Clean Up WordPress Revisions Using a MySQL Multi-Table Delete

I’ve been doing some research on the revisions WordPress creates automatically whenever you edit or update a post. The revision feature is sparsely documented in the WordPress Codex, so I was pleased to find an article from SitePoint on the subject: How to Control Post Revisions in WordPress. It’s an excellent write-up overall, and I recommend reading it. However, I did notice a flaw in the SQL statement given for deleting old revisions. Since this flaw could potentially cause unintended data loss, and since comments on the article are closed, I wanted to explain the problem here.

In order to thoroughly remove all traces of old revisions from the WordPress database, it is necessary to clean up the wp_term_relationships table. This is because WordPress prior to version 3.0 stores the category relationships for revisions in that table. The SQL statement given in the SitePoint article to purge revision data is as follows:

DELETE a,b,c
FROM wp_posts a
LEFT JOIN wp_term_relationships b ON (a.ID = b.object_id)
LEFT JOIN wp_postmeta c ON (a.ID = c.post_id)
WHERE a.post_type = ‘revision’;

Notice that the SQL statement is joining the wp_posts and wp_term_relationships tables, and then performing a multiple table delete to remove all rows from both tables where post_type equals ‘revision’ (and from the wp_postmeta table as well). It’s an elegant statement designed to clean up the entire database in one step.

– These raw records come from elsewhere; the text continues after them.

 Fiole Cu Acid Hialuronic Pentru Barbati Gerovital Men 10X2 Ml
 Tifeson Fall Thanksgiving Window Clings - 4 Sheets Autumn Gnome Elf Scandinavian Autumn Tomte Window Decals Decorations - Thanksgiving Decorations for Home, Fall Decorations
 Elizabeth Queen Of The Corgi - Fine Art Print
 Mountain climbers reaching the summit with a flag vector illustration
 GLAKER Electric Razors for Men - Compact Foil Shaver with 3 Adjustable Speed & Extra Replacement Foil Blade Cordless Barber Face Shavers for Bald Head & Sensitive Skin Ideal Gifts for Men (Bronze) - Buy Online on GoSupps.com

Here’s the flaw: there are two types of category relationships stored in wp_term_relationshps — post categories, and link categories. The object_id field can contain either an ID from the wp_posts table, or a link_id from the wp_links table. It is entirely possible that a revision and a link could have the same object_id, as was in fact the case in my own WordPress database:

| object_id | term_taxonomy_id | term_order |
| 2 | 1 | 0 |
| 3 | 1 | 0 |
| 9 | 1 | 0 | <-- same object_id
| 9 | 2 | 0 | <--
| 10 | 1 | 0 | <-- same object_id
| 10 | 2 | 0 | <--

When I ran the above SQL statement on my database (after having made a backup, of course), it deleted the category relationships for both revisions and links, in all cases where they happened to have the same object_id. Oops.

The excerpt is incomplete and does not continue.